Use of stream Benchmark

Source: Internet
Author: User

Stream is one of the most popular comprehensive measuring tools for memory bandwidth performance. As the number of cores processed by the processor increases, the memory bandwidth becomes more important for improving the performance of the entire system. If a system cannot transmit data in the memory to the processor quickly enough, several processing cores are waiting for data to be idle, and the idle time generated will not only reduce the system efficiency, but also offset the performance improvement factors brought by multiple cores and high clock speed. Stream has good spatial locality and is a test that is TLB friendly and cache friendly. Stream supports copy, scale, add, and triad operations.

Compile and use stream:

Download the C source stream. C (http://www.streambench.org/), in the Command terminal through-GCC stream. c

Important parameter adjustment (set during compilation ):

1. stream_array_size: Adjust the array size. The setting method is 100 MB (pay attention to setting the appropriate size, maybe you only need 10 MB:

Gcc-o-dstream_array_size = 100000000 stream. C-o stream.100m

2. ntimes: adjusts the number of stream operations in each kernel and outputs the best one. Set 7 times.

It can be adjusted through-dntimes = 7.

3.-doffset settings

4. multi-core OpenMP support is added through-o-fopenmp

 

Complete example:

Complete example:
Gcc-o-fopenmp-dstream_array_size = 100000000-dntime = 20 stream. C-O Stream. o
For more information about other parameters, see http://www.cs.virginia.edu/stream/ref.html.

Command to compile the stream benchmark file and run the command./stream. O. Results of a program with a memory test:

In the function, copy, scale, add, and triad represent the following 4 operations:

The copy operation is the easiest. It first accesses one memory unit to read the value and then writes the value to another memory unit.

The scale operation first reads the value from the memory unit, performs a multiplication operation, and then writes the result to another memory unit.

The add operation first reads two values from the memory unit, performs addition operations, and then writes the result to another memory unit.

The Chinese meaning of triad is to combine the three operations. In this test, it means to combine the copy, scale, and add operations for testing. The specific operation method is: first read two values A and B from the memory unit and perform the multiplication and addition Hybrid Operation (a + factor * B) on them ), write the calculation result to another memory unit.

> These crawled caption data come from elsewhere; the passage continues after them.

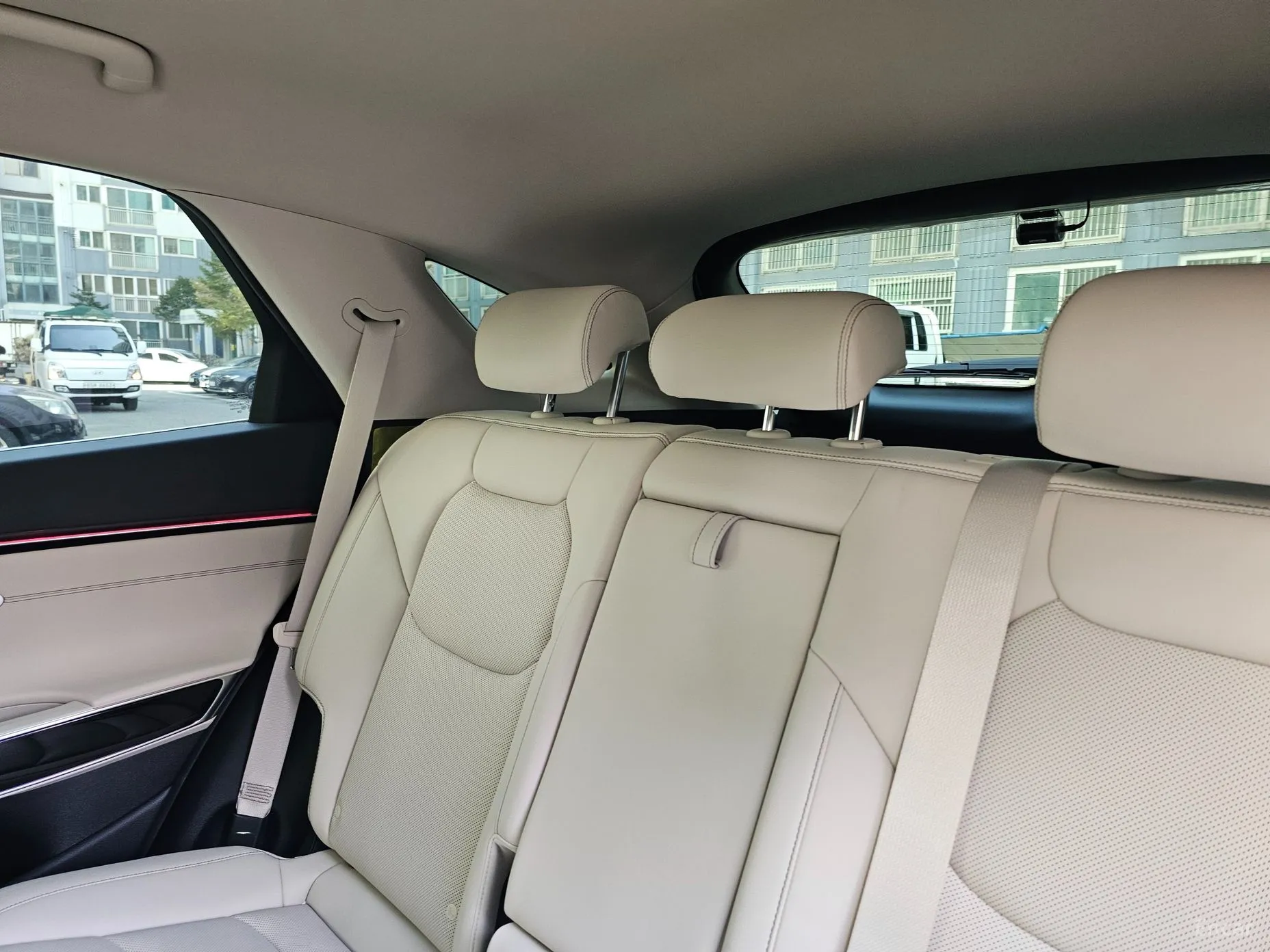 Genesis GV70 превью 19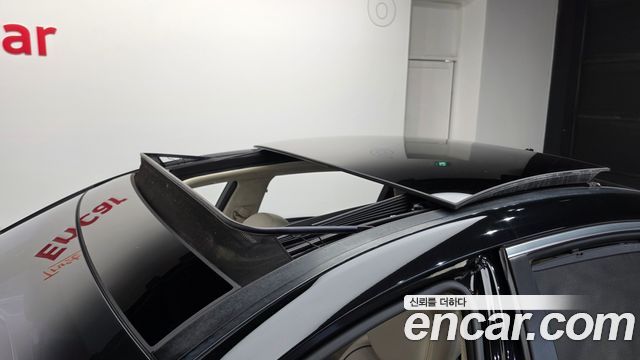 Genesis G80 2017 — photo 34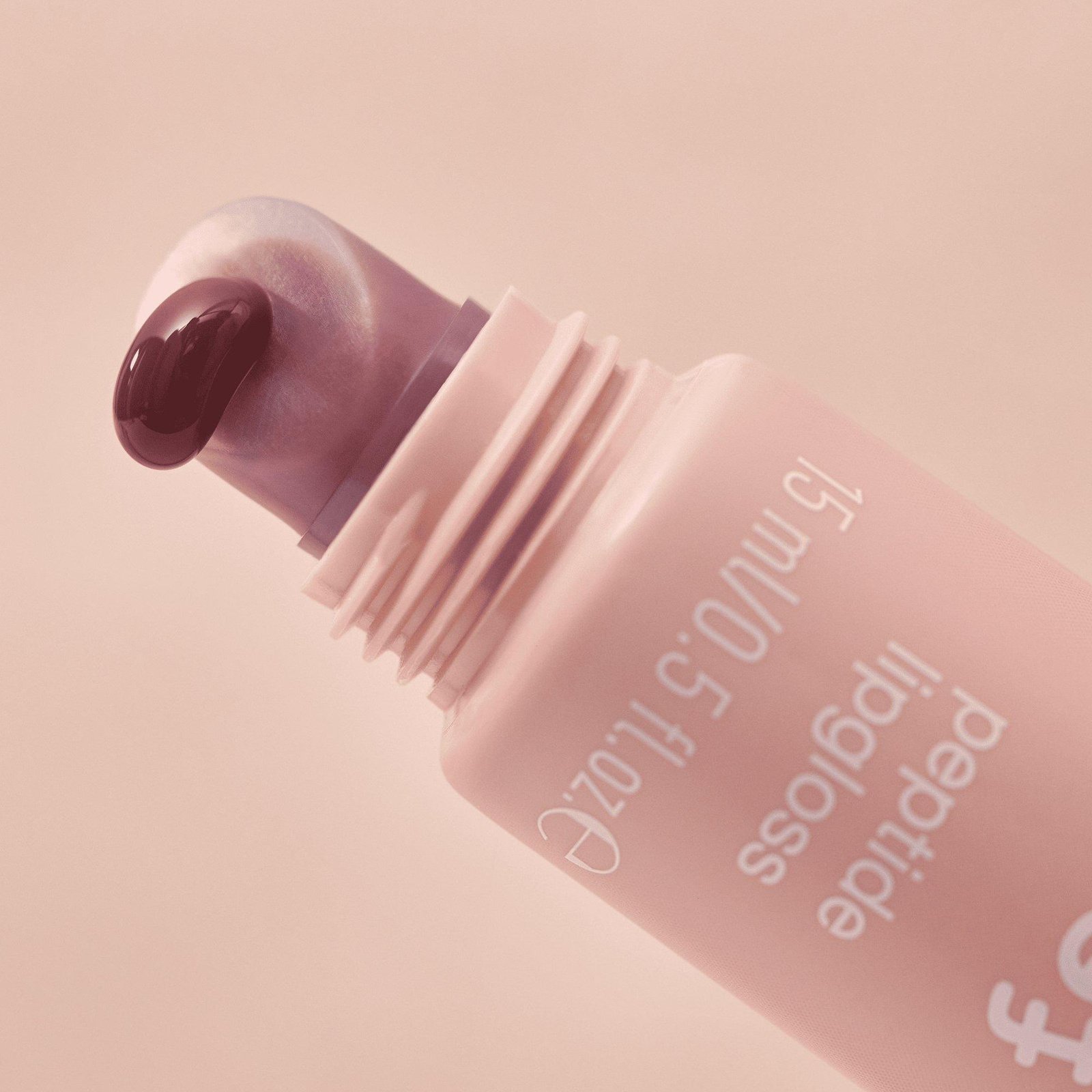 essence Feelin' Comfy Peptide Lip Gloss 02 Cinnamon Cuddles 15ml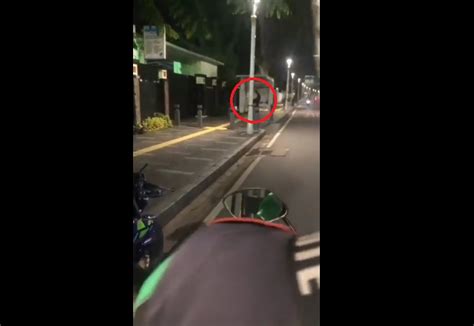 Viral Video Pasangan Tak Senonoh Di Halte Bus Smk 34 Kramat Raya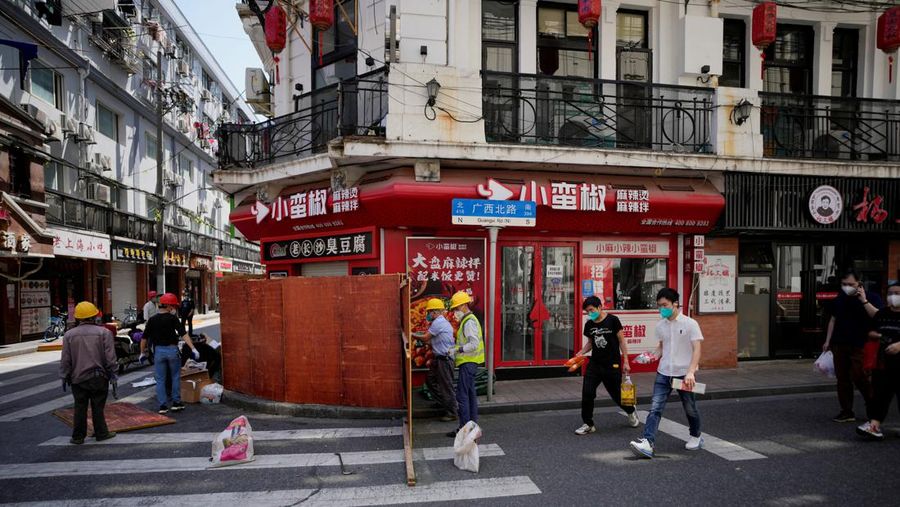Workers dismantle barriers at a residential area, as the city prepares to end the lockdown placed to curb the coronavirus disease (COVID-19) outbreak in Shanghai, China May 31, 2022. REUTERS/Aly Song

The best rate indicates the bandwidth between the memory and the CPU when the program executes different operations:

Add> triad> copy> scale. Why? One add operation requires three accesses to the memory (two read operations and one write operation), triad operations also require three accesses to the memory, and copy and scale operations require two accesses to the memory. In a unit operation, the more times the memory is accessed, the greater the latency of memory access, the larger the bandwidth. Within a unit operation, the more complex the operation, the longer the operation completion time, the longer the operation cycle is completed. The add operation is simple and has a large number of accesses. Therefore, the maximum bandwidth is required. The scale operation is complex and the number of accesses is small. Therefore, the minimum bandwidth is required. The copy operation is simple, but the number of access requests is small. The Triad operation is complex, but the number of access requests is large. It may be because of the multi-core reasons that the operation time is much longer than the operation time, the Triad bandwidth is slightly larger than the copy bandwidth.

 

References:

(Http://www.cs.virginia.edu/stream/ref.html

Source code: http://www.cs.virginia.edu/stream/FTP/Code/

Official Website: http://www.streambench.org/

I would also like to thank the other three for their research.

Contact Us

The content source of this page is from Internet, which doesn't represent Alibaba Cloud's opinion; products and services mentioned on that page don't have any relationship with Alibaba Cloud. If the content of the page makes you feel confusing, please write us an email, we will handle the problem within 5 days after receiving your email.

If you find any instances of plagiarism from the community, please send an email to: info-contact@alibabacloud.com and provide relevant evidence. A staff member will contact you within 5 working days.

A Free Trial That Lets You Build Big!

Start building with 50+ products and up to 12 months usage for Elastic Compute Service

  • Sales Support

    1 on 1 presale consultation

  • After-Sales Support

    24/7 Technical Support 6 Free Tickets per Quarter Faster Response

  • Alibaba Cloud offers highly flexible support services tailored to meet your exact needs.